BEGIN
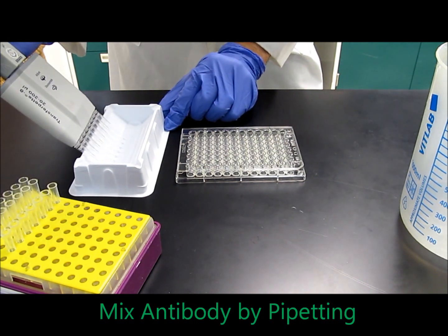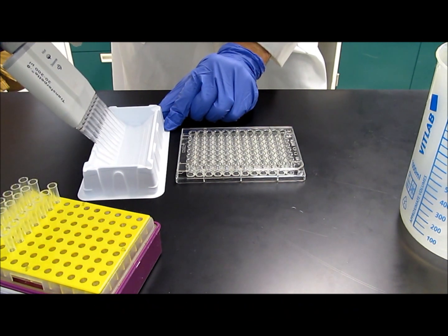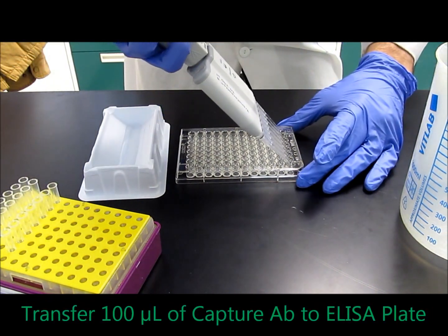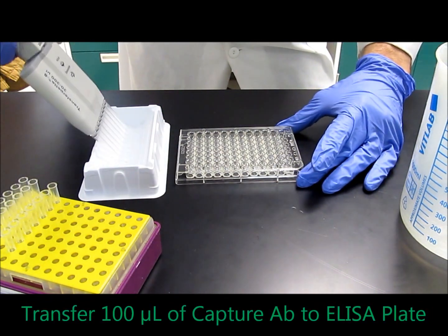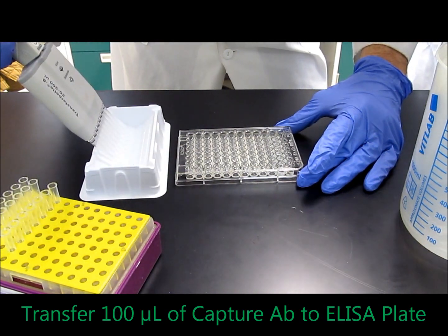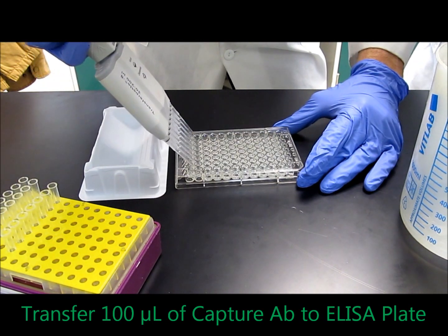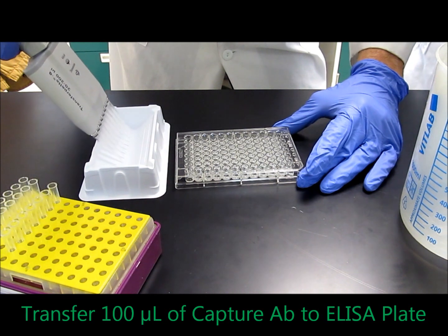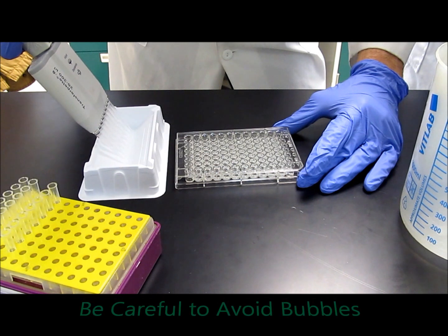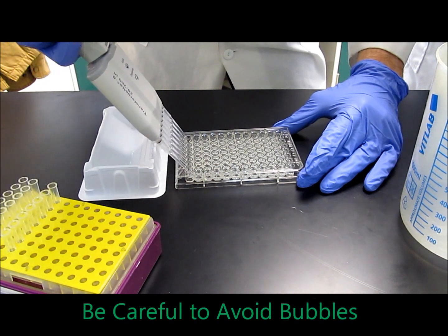Once you feel that it's well mixed, carefully take 100 microliters without getting any bubbles and start pipetting it into each well of the 96-well plate. You're just going to keep going back and forth until you finish all the wells. The last well is usually the trickiest because you're almost out of reagent, so be careful not to get any bubbles. Once you're satisfied that there are no bubbles, just add it.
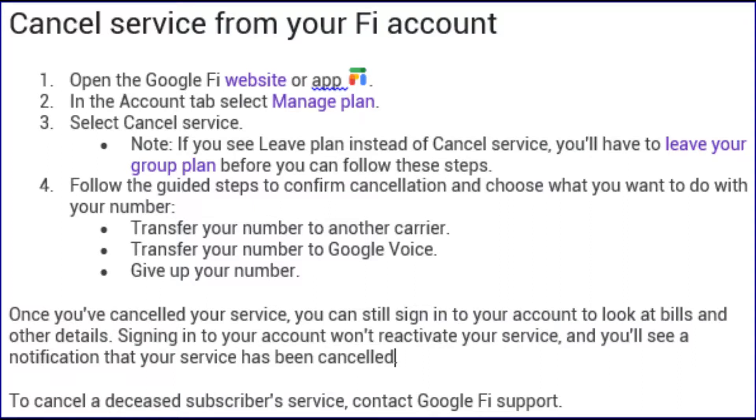Once you've cancelled your service, you can still sign in to your account to look at bills and other details. Signing in to your account won't reactivate your service, and you'll see a notification that your service has been cancelled. To cancel a deceased subscriber's service, contact Google Fi support.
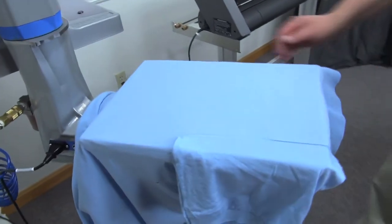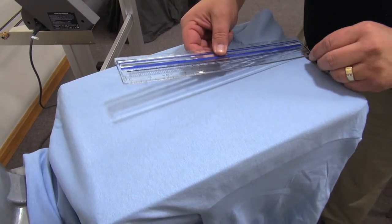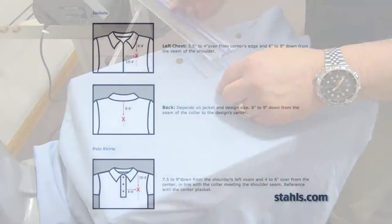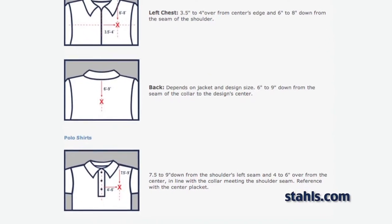We'll start by threading our polo shirt onto the platen and finding our center placement mark. For current placement specs, visit Stahls.com under the help and education link, where you'll see placement tips for all types of garments.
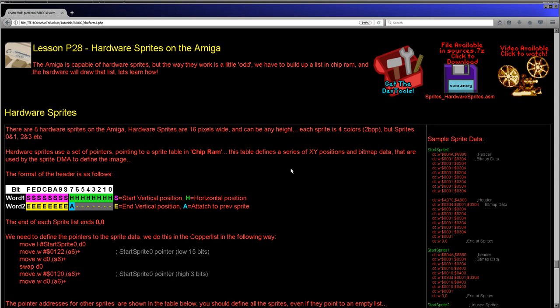Essentially, they're a DMA trick and what's going on is that the hardware is drawing the sprite from memory as the screen redraws. So they are hardware sprites, but they aren't as simple as some of the other systems we've looked at. But they do have a lot of potential and it would be really inappropriate to overlook them because they can really do some interesting stuff.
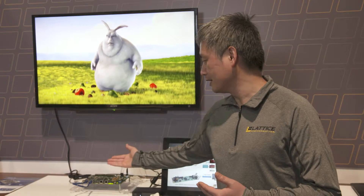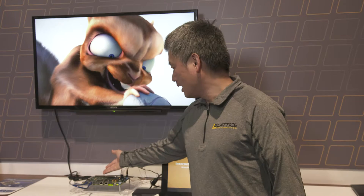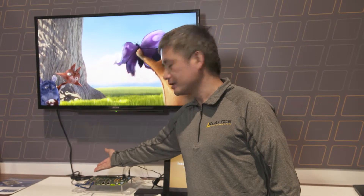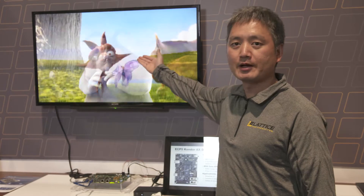We have to use a new interface called VByone to drive the panel. On this board there's a single FPGA. It can convert the HDMI video interface to the VByone interface and drive the panel.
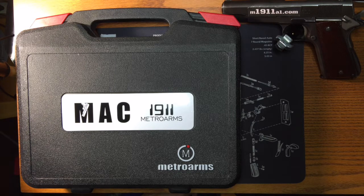They're imported by Eagle Imports Inc., and you can see them at eagleimportsinc.com. They've got a couple of brands under their umbrella — they've got Bursa, American Classic, the Mac, the SPS, Grand Power, and Comanche, I believe, are the other brands that they carry.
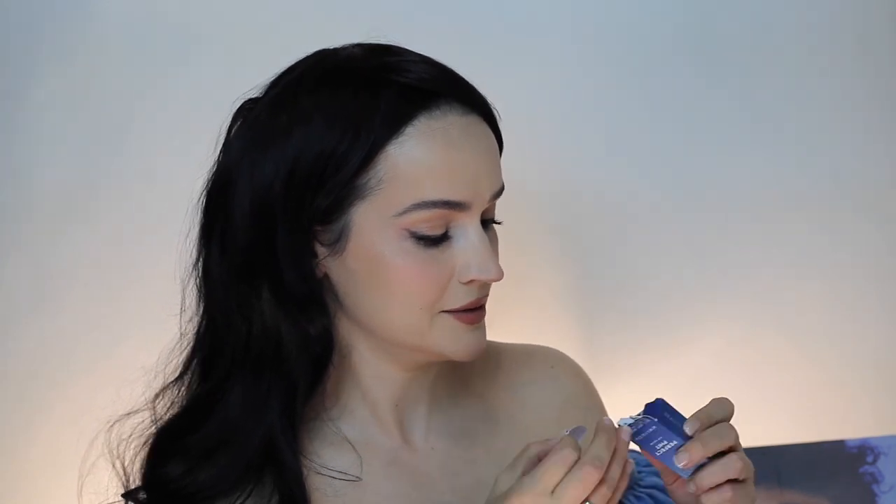And this is a Perfect Fit lip balm. Let's open this. Ooh, very cute packaging. Ooh, it's blue! It doesn't really have a smell. So it looks like this - very nice.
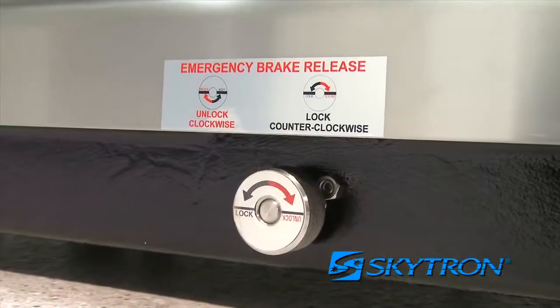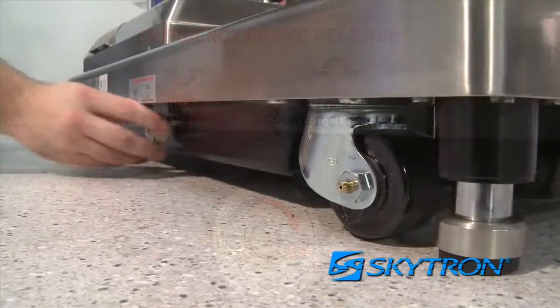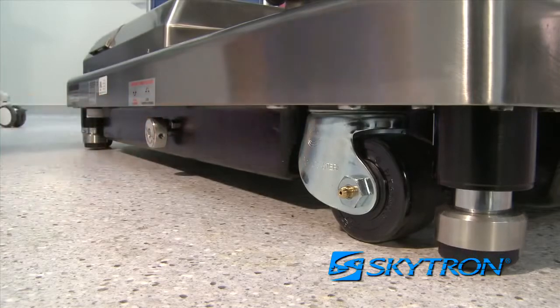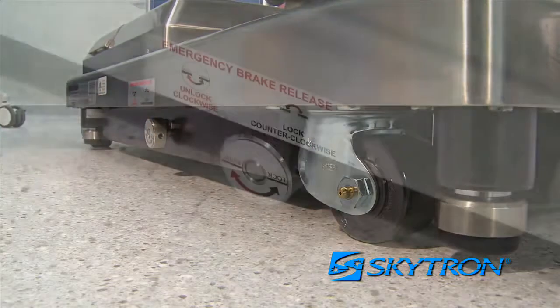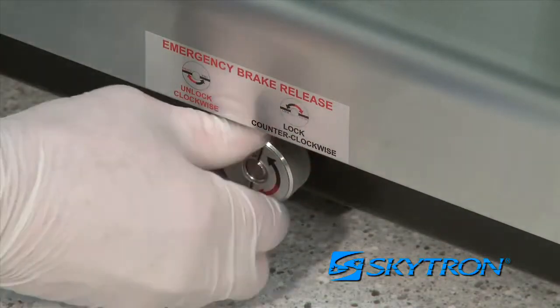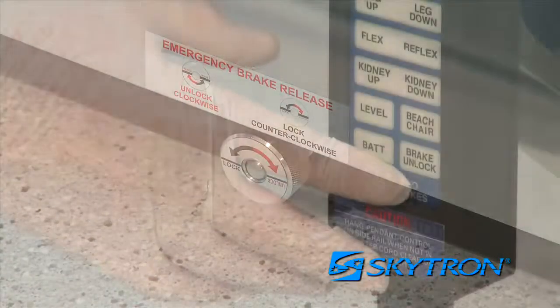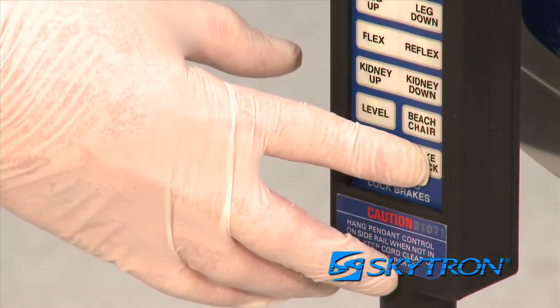The emergency brake release control knob is located on the side of the table base. Turning the knob clockwise will release the brakes, making it possible to reposition the table in an emergency. If the emergency brake release is used for any reason, the brakes must be reactivated by first rotating the control knob counter-clockwise, then pressing the brake unlock button to recycle the brake system.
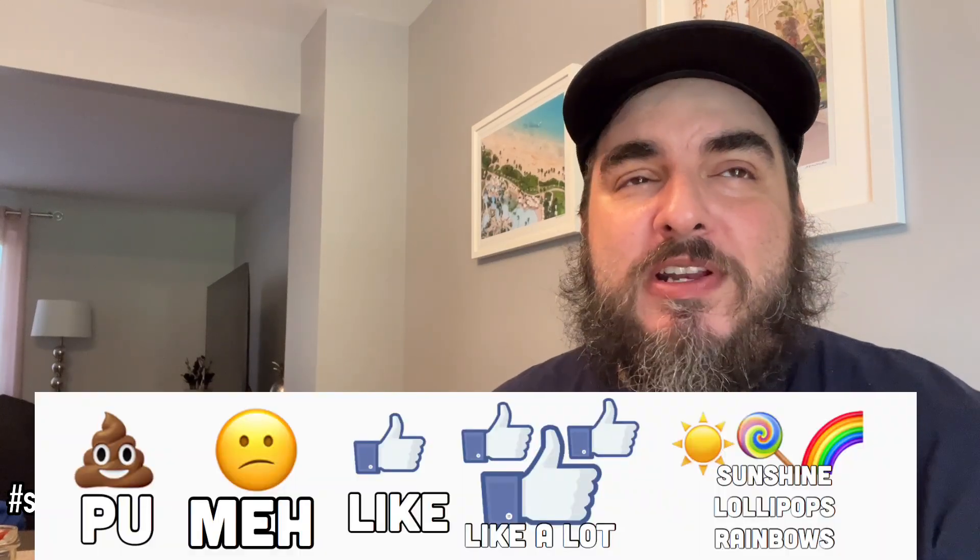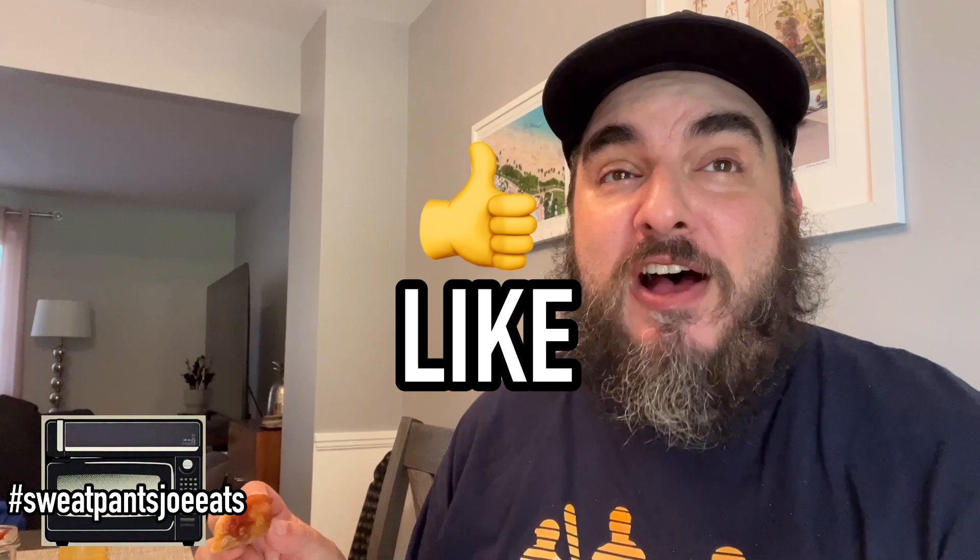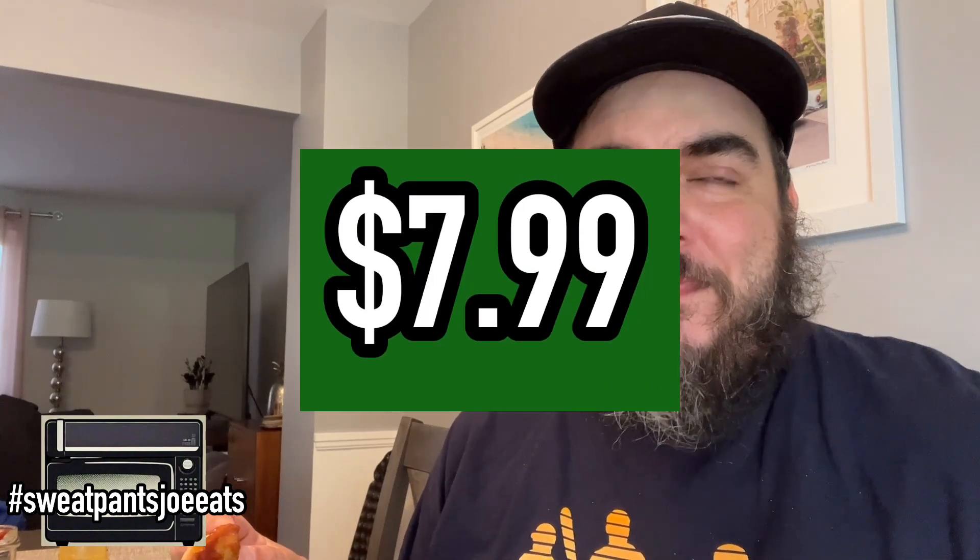On a scale of 'it stinks' to 'sunshine, lollipops, and rainbows,' I'm going to give the Empanitos from Mighty Taco a solid 'I like it' — I think they're good and fun. Would I buy them again? Probably not. I think for what you pay, it's okay, but you're not getting a lot of food. I would much rather just go to Mighty Taco and get a couple of burritos, but these are really good — not bad.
END
* _What the task requires_: Output only the stretch above from the line with "Essentially, they're a" through the line with "And this is", reproduced exactly. Exclude pictures.

* _Answer to the exercise_:
Essentially, they're a DMA trick and what's going on is that the hardware is drawing the sprite from memory as the screen redraws. So they are hardware sprites, but they aren't as simple as some of the other systems we've looked at. But they do have a lot of potential and it would be really inappropriate to overlook them because they can really do some interesting stuff.
We have to use a new interface called VByone to drive the panel. On this board there's a single FPGA. It can convert the HDMI video interface to the VByone interface and drive the panel.
They're imported by Eagle Imports Inc., and you can see them at eagleimportsinc.com. They've got a couple of brands under their umbrella — they've got Bursa, American Classic, the Mac, the SPS, Grand Power, and Comanche, I believe, are the other brands that they carry.
And this is a Perfect Fit lip balm. Let's open this. Ooh, very cute packaging. Ooh, it's blue! It doesn't really have a smell. So it looks like this - very nice.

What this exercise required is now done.